On a generally sunny if breezy day at the Oval, Surrey stockpiled five-hundred runs then inserted their demoralised opponents, Worcestershire, for an hour in the hope of preying on their fatigue. However, the Brown Caps' inability to force a breakthrough in sixteen overs and uncertain weather likely today means that the prospects of either side scoring a victory in this match are beginning to look doubtful.

The home side's total of 501 for seven included an exhilarating stand between Ramprakash and Butcher that realised 156 in 37 overs for the third wicket, not to mention two eye-catching cameos from Clarke and Benning to take the innings to a crescendo.

Not for the first time since his move south in 2001, it was Mark Ramprakash who played the central innings - his third championship hundred in successive matches.
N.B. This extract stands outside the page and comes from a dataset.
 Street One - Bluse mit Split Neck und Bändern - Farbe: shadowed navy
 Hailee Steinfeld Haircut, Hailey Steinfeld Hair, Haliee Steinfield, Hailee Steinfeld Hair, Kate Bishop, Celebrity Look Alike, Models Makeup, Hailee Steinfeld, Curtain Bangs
It included just one blemish when, with his score on 82, he might have been caught by Phil Jaques, at gully, off the bowling of Zaheer Khan in the first over with the new ball.

In just over three hours the former Middlesex man struck 118 from 163 balls, including nineteen fours and a straight six off Ray Price's left-arm twirlers. It was the eighty-second first-class century of Ramprakash's career and his seventh against Worcestershire; who are now equal first, along with Sussex, in terms of the opponents who have yielded to him the most over the last twenty seasons.

After Newman departed, caught at second slip, in the eighth over of the day, Jonathan Batty and Ramprakash held a relatively risk-free vigil until the latter had finally managed to ease himself in. But it was just as Ramprakash located the middle of his bat that Batty threw away his wicket by driving his namesake and former team-mate straight to mid-off.

Mark Butcher overcame a couple of early scares, when he was put down in the slips and could have been run out after being sent back, to make an well-organized 74.

Surrey's third wicket pair reached their respective milestones in the same over, the ninety-sixth of the innings, bowled by Kabir Ali. Butcher eased the England one-day player through backward point for four to reach his fifty in 101 deliveries. Moments later, Ramprakash glanced the 26-year-old seamer fine to post the only hundred of the innings off 148 balls.

Three wickets then fell in the space of seven overs. Ramprakash was bowled playing no stroke to one that Ali nipped back off the seam. The reintroduction of spin saw Butcher caught at slip off an indeterminate stroke and Alistair Brown superbly taken, in the same position, in the very next over.

The clatter of wickets gave way to a classy, if brief, innings from Rikki Clarke, who hoisted both spinners for sixes before being bowled immediately after having been hit on the right forearm. James Benning, whose purple patch shows no signs of abating, then continued the onslaught with a 54-ball 52. But, like Clarke, he was out trying to give the bowler the charge.